4. The majority considers that the circumstances in this case are not particularly exceptional, having regard to the fact that medical treatment for the applicant’s condition is generally available in specialised wards in the larger Turkish cities (see paragraph 47 of the judgment). This was also the ground relied upon by the Swiss Federal Court in rejecting the argument based on Article 3 (see paragraph 19).
I am afraid that this is a very theoretical assessment of the situation. On the basis of the description of the applicant’s condition, I consider it somewhat probable that the applicant will not be in a position to take advantage of any available medical treatment. What he needs is assistance, even supervision, so that he can be provided with (continuous) psychiatric care (compare paragraph 15 of the judgment).
In this respect, the respondent Government indicate that the competent Turkish authorities will be informed of the applicant’s state of health and that a list of the required medical treatment will be sent to these authorities (see paragraph 36 of the judgment). The majority is satisfied with this undertaking by the respondent Government (see paragraph 49).
In my opinion, such an undertaking is insufficient to remove the risk of ill-treatment in Turkey.
Although I am hesitant to use the term, I believe that the applicant, as a person suffering from severe schizophrenia and unable to live on his own, must be considered extremely vulnerable (see, mutatis mutandis, G. v. France, no. 27244/09, § 77, 23 February 2012). The applicant thus belongs to a category of persons requiring “special protection” (compare Oršuš and Others v. Croatia [GC], no. 15766/03, § 147, ECHR 2010; M.S.S. v. Belgium and Greece [GC], no. 30696/09, § 251, ECHR 2011; and Tarakhel v. Switzerland [GC], no. 29217/12, § 118, ECHR 2014 (extracts)).
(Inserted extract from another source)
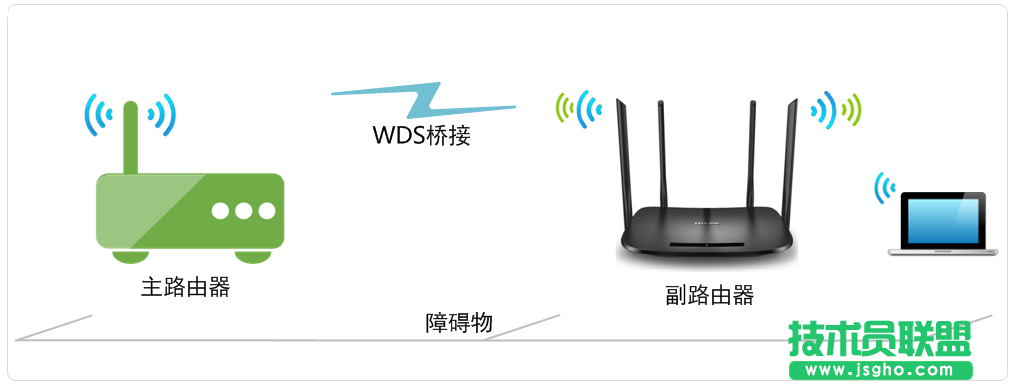 TL-H69RD无线桥接（WDS）设置教程方法 三联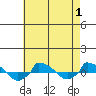  tide chart for Sunday, May 1, 2022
With respect to such a person, I find it incumbent on the Swiss authorities to obtain some sort of assurances from the Turkish authorities that, on arrival in Turkey, the applicant will receive the special protection required by his condition (compare Tarakhel, cited above, § 120).
There is no indication, however, that the Turkish authorities — or anyone else — will take the applicant into their care (compare D. v. the United Kingdom, cited above, § 52). There is no guarantee that the applicant will receive treatment compatible with Article 3, not even through a statement of intent by the Turkish authorities or the putting in place of practical arrangements with them (compare, albeit in a very different context, Čonka v. Belgium, no. 51564/99, § 83, ECHR 2002-I).
5. Having regard, on the one hand, to the applicant’s condition and his extended absence from his country of origin and, on the other, to the minimal concern by the Swiss authorities for the medical assistance to be effectively received by the applicant upon arrival in Turkey, I consider that the expulsion of the applicant would expose him to a real risk of being subjected to inhuman treatment. Accordingly, in the given circumstances, his expulsion would in my opinion amount to a violation of Article 3.
1 I have no problem with the conclusion that there would be no breach of Article 2.
2 For a (much) less serious case of mental illness (depression and anxiety disorders), see S.B. v. Finland (dec.), no. 17200/11, 24 June 2014.